Bay Area
Study: Racism Plays Role in Premature Birth Among Black Americans
That statistic bears alarming and costly health consequences, as infants born prematurely are at higher risk for breathing, heart and brain abnormalities, among other complications.
The tipping point for Dr. Paula Braveman came when a longtime patient of hers at a community clinic in San Francisco’s Mission District slipped past the front desk and knocked on her office door to say goodbye. He wouldn’t be coming to the clinic anymore, he told her, because he could no longer afford it.
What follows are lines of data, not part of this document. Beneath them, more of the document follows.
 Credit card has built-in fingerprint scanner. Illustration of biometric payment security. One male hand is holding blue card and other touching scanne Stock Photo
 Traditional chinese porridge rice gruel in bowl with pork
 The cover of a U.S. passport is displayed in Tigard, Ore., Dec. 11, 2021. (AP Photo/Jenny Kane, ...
It was a decisive moment for Braveman, who decided she wanted not only to heal ailing patients but also to advocate for policies that would help them be healthier when they arrived at her clinic. In the nearly four decades since, Braveman has dedicated herself to studying the “social determinants of health” — how the spaces where we live, work, play and learn, and the relationships we have in those places, influence how healthy we are.
As director of the Center on Social Disparities in Health at the University of California-San Francisco, Braveman has studied the link between neighborhood wealth and children’s health, and how access to insurance influences prenatal care.
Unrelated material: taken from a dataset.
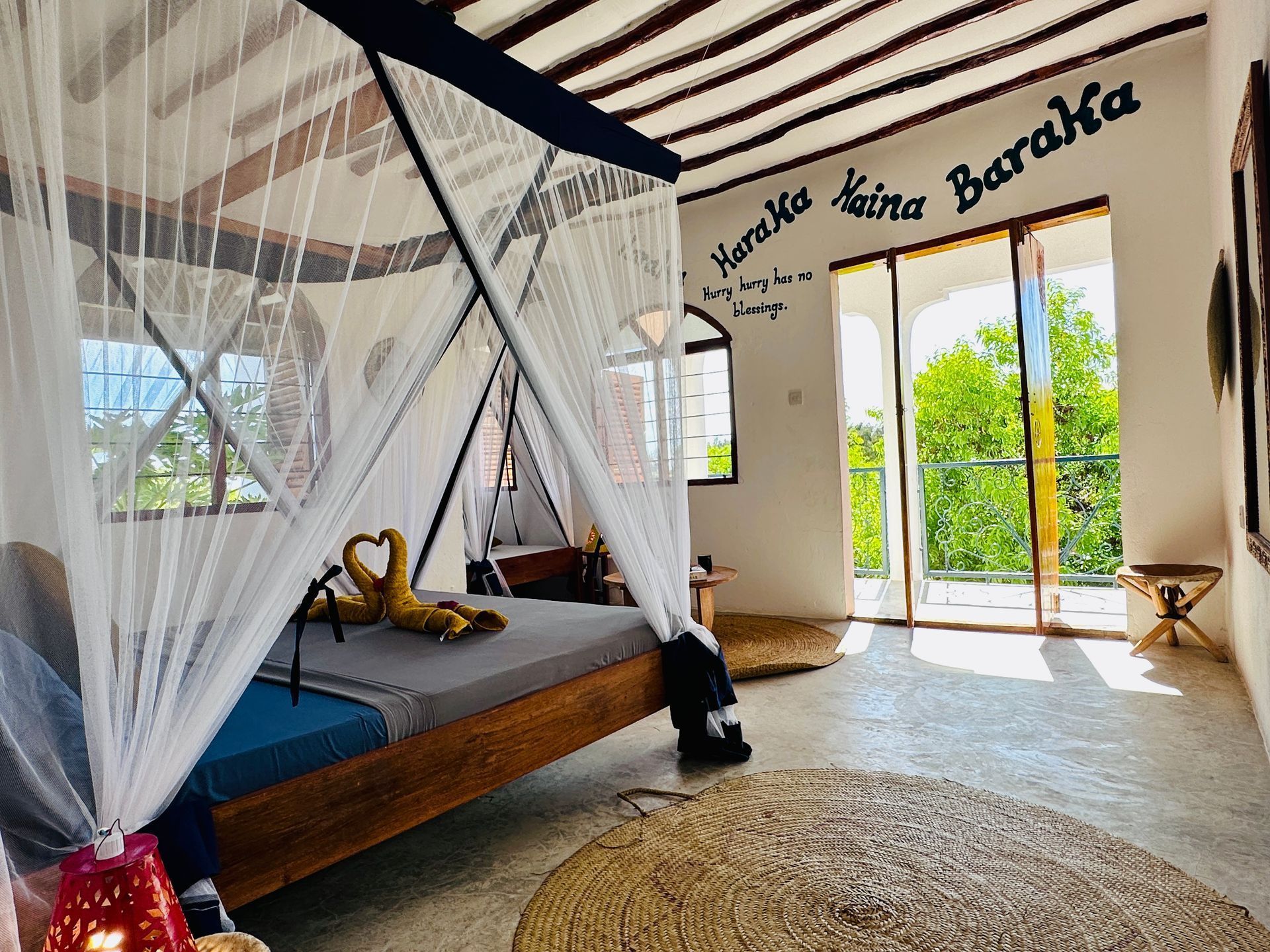 A bedroom with a canopy bed and a sliding glass door.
A longtime advocate of translating research into policy, she has collaborated on major health initiatives with the health department in San Francisco, the federal Centers for Disease Control and Prevention and the World Health Organization.
Braveman has a particular interest in maternal and infant health. Her latest research reviews what’s known about the persistent gap in pre-term birth rates between Black and white women in the United States. Black women are about 1.6 times as likely as whites to give birth more than three weeks before the due date.
That statistic bears alarming and costly health consequences, as infants born prematurely are at higher risk for breathing, heart and brain abnormalities, among other complications.
Braveman co-authored the review with a group of experts convened by the March of Dimes that included geneticists, clinicians, epidemiologists, biomedical experts and neurologists. They examined more than two dozen suspected causes of preterm births — including quality of prenatal care, environmental toxics, chronic stress, poverty and obesity — and determined that racism, directly or indirectly, best explained the racial disparities in preterm birth rates.
In the review, the authors make extensive use of the terms “upstream” and “downstream” to describe what determines people’s health. A downstream risk is the condition or factor most directly responsible for a health outcome, while an upstream factor is what causes or fuels the downstream risk — and often what needs to change to prevent someone from becoming sick.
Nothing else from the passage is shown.